Superconductivity in nickelates also poses a challenge to the proposed explanations. Unlike conventional superconductivity, electron-phonon coupling had been ruled out from the superconducting mechanism of nickelate [15,20,21,22]. Instead, a large number of standpoints from different perspectives had been proposed. Li et al. argued that the superconductivity may not be originated from the expected Nd_0.8Sr_0.2NiO₂, but arise from the interface or the stress effect [23]. However, based on the comparison between NdNiO₂ and Nd_0.8Sr_0.2NiO₂, D. Li’s opinion was that the interface effect alone does not lead to superconductivity [4]. Theoretical studies by Si et al. indicated that the unexpected topotactic hydrogen intercalation has dramatic consequences for the superconductivity of the infinite-layer Sr-doped NdNiO₂ [12]. Malyi et al. even emphasized that stoichiometric NdNiO₂ is significantly unstable, and the incorporation of hydrogen can reduce its instability [24].

In spite of some conflicting viewpoints [16,25,26,27], magnetic and electronic properties are widely believed to be the key factors to comprehend superconductivity [6,28,29,30,31]. From these perspectives, considerable quantities of viewpoints on Nd_0.8Sr_0.2NiO₂ has also been set in [21,23,32,33,34]. Regarding the magnetism being different from the NdNiO₃ and cuprate, antiferromagnetic coupling in nickelates is substantially weaker [4,5,15,16,32]. That was attributed to the competition between ferromagnetic (FM) and antiferromagnetic (AFM) exchanges, which significantly suppressed the magnetic tendency [3]. LDA + DMFT studies by Ryee et al. indicated that hole-doping induced magnetic two-dimensionality is the key to superconducting Nd_1−xSr_xNiO₂ [35]. Zhang et al. supported that the self-doping effect, namely strong Kondo coupling-induced holon-doublon excitations, suppresses the antiferromagnetic (AF) long-range order and produces the paramagnetic metallic ground state even in the parent compound NdNiO₂. Sr doping introduces extra holes on the Ni sites, which further drives the system away from the AF Mott insulating phase [32]. A multiorbital description within the spin-freezing theory was employed by Werner et al. They concluded that local moment fluctuations rather than antiferromagnetic fluctuations induce the pairing mechanism of nickelate superconductors [15,36].
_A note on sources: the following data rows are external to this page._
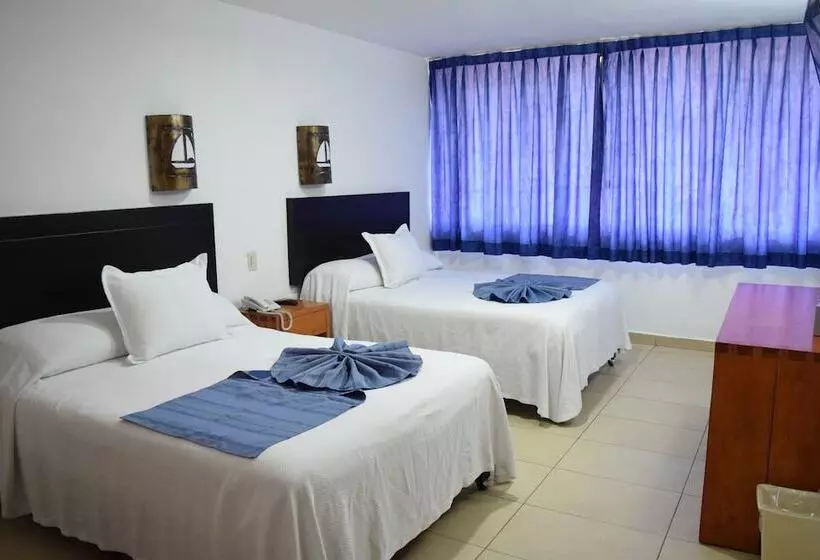 Fotos del hotel Costa De Oro Beach:  21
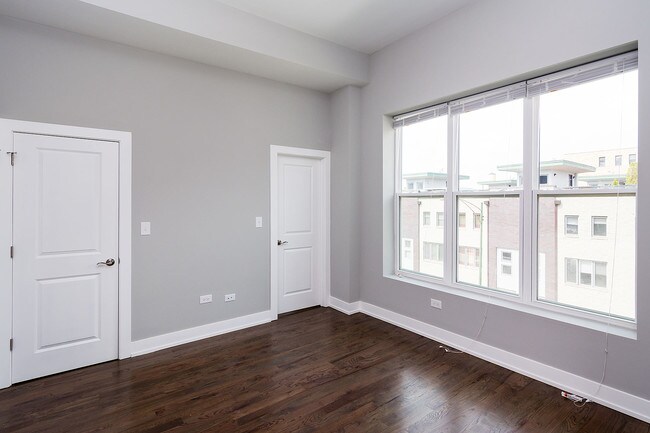 Foto del edificio - 449 N Carpenter St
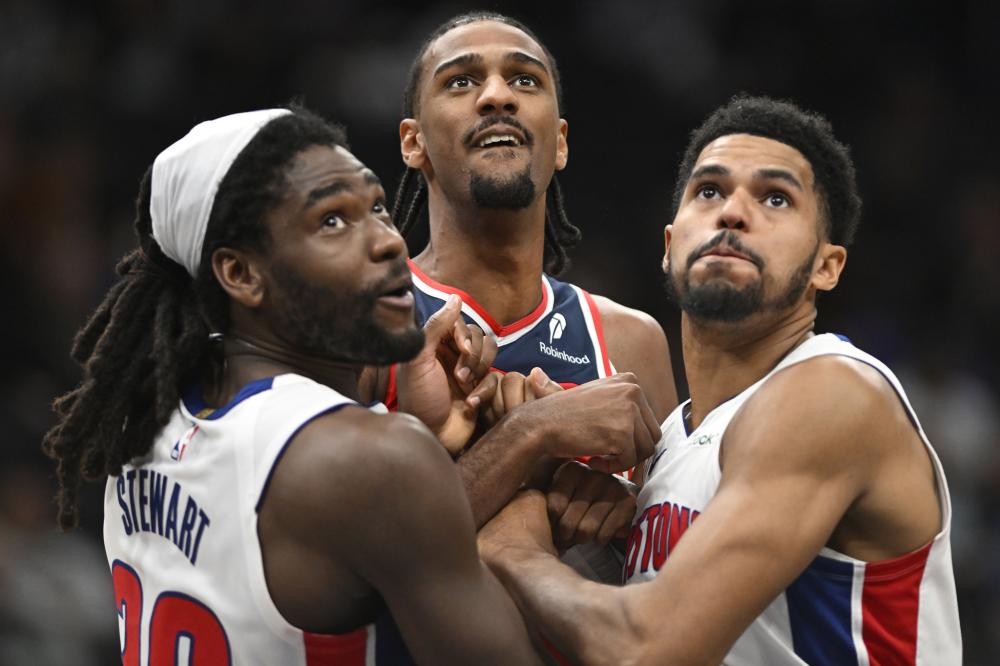 足坛并非首 足坛并非首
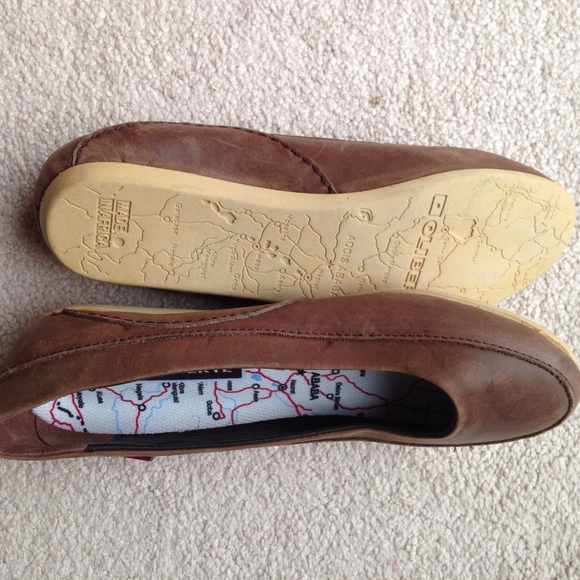 NWOT Oliberte Flats - Picture 4 of 5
With respect to the electronic structure, nickelates were suggested as unconventional superconductivity with most likely a d-wave order parameter [37,38]. Near the Fermi level, the electronic structure is dominated by $\mathrm{Ni}(d_{x^2-y^2})$ orbitals [5,14,20,37,38,39,40], and the localized $\mathrm{Ni}(d_{x^2-y^2})$ band is self-doped with holes by the low density Nd(5d) conduction electrons [5,16,19,30,33,35,36,37,38,39]. The presence of the 5d states at the Fermi surface leads to speculation about an important role of the hybridization between the strongly correlated Ni(3d) and more extended Nd(5d) states. However, different viewpoints were also proposed. With a three-orbital model, Nomura et al. indicated that NdNiO₂ hosts an almost isolated $\mathrm{Ni}(d_{x^2-y^2})$ orbital system, namely its hybridization with the states in the Nd layer is tiny [20].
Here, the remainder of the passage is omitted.